Jim’s oldest son, Jimbo (Robert Patrick), envies his brothers Carroll (Kevin Bacon, vaguely channeling Eric Stoltz’s character in Pulp Fiction) and Skip (Thornton) for becoming decorated World War II heroes while he languished in basic training. Carroll, disillusioned by his own time in the service, spends his days smoking pot and organizing local peace rallies, much to his father’s consternation, while Skip, the quiet dreamer who suffered horrible burns while flying for the Navy, staves off shellshock by maintaining his impressive fleet of sports cars.
The Caldwells continue in this state of dysfunctional detachment until the news breaks that Jim’s estranged ex-wife has died in England and her “other” family is bringing her remains back to Alabama for burial. After the funeral, Jim reluctantly opens his home to the strangers, led by Kingsley (John Hurt), the recent widower, and his two adult children: burly, brooding Philip (Ray Stevenson) and free-spirited Camilla (Frances O’Connor from The Hunter), the latter of whom immediately develops feelings for Skip. The resulting long weekend leads to a torrent of confessions, revelations and nude poetry readings that would make the gang from The Big Chill think twice about the dangers of oversharing.
Even though they initially come across as little more than fussy British stereotypes, Kingsley’s brood supplies the film with a much-needed injection of variety and pep, especially during the otherwise listless finale. Hurt makes Kingsley’s awkward efforts to bond with Jim oddly moving, with the exception of a poorly-timed sight gag involving the ingestion of LSD on a hunting trip, while Stevenson, a gifted actor too often relegated to meathead roles in action clunkers such as Punisher: War Zone and G.I. Joe: Retaliation, delivers his finest performance since Kill the Irishman as Phillip, whose devoted demeanor masks reservoirs of barely-contained resentment for the father who trivializes his accomplishments at every turn.

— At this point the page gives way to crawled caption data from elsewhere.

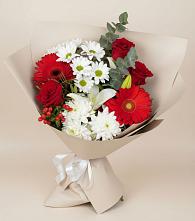 Букет цветов из:  Розы, Хризантемы, Герберы и Лилии #REPLACE_PRED# Проводник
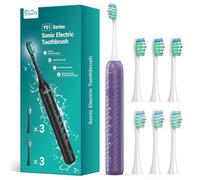 Brosse à Dents éLectrique pour Adultes Avec 6 TêTes de Brossage, Brosse à Dents Sonique Rechargeable,Ultra-Longue DuréE de Vie de la Batterie 4 Heures de Charge et 180 Jours D'Utilisation, Violet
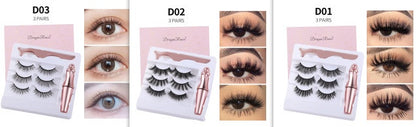 Natural Long Lasting Magnetic Liquid Eyeliner & Magnetic False Eyelashes & Tweezer Set Make up Set - iztia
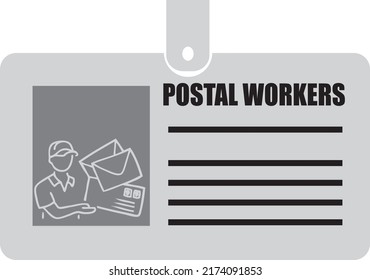 Identification card for a postal worker on a clip. Vector illustration.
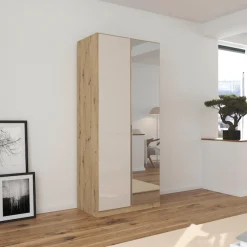 OTTO home Drehtürenschrank »Kleiderschrank Kleiderschränke Schrank Garderobe AGORDO mit Glasfront« in zwei Griff-Farben, Breiten 91-405 cm,durchdachte Innenausstattung, in 8 Breiten und 2 Höhen MADE IN GERMANY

The principal pleasure of Jayne Mansfield’s Car comes from watching a performer of Duvall’s caliber scratch at the seams of Jim’s crotchety, weather-beaten soul, making him the most fully realized character in Thornton and Tom Epperson’s wildly uneven script. And even though the eponymous automobile makes a cameo appearance somewhere around the halfway mark, the movie’s title has less to do with the demise of the 1950s blonde bombshell than the old man’s morbid fascination with car crashes, an obsession purportedly taken from Thornton’s own father, who would routinely drag his children to the sites of grisly accidents and force them to stare at the twisted wreckage for hours on end.
Though Jayne Mansfield’s Car is a solid showcase for the acting talent involved, nothing here comes even close to approaching the artistic heights of Thornton’s previous work, particularly the screenplay he co-wrote with Epperson for the underrated drug thriller One False Move and, of course, his oft-imitated, still mesmerizing performance in Sling Blade. Compared to that level of pure, unfettered creativity, this Car is running on fumes.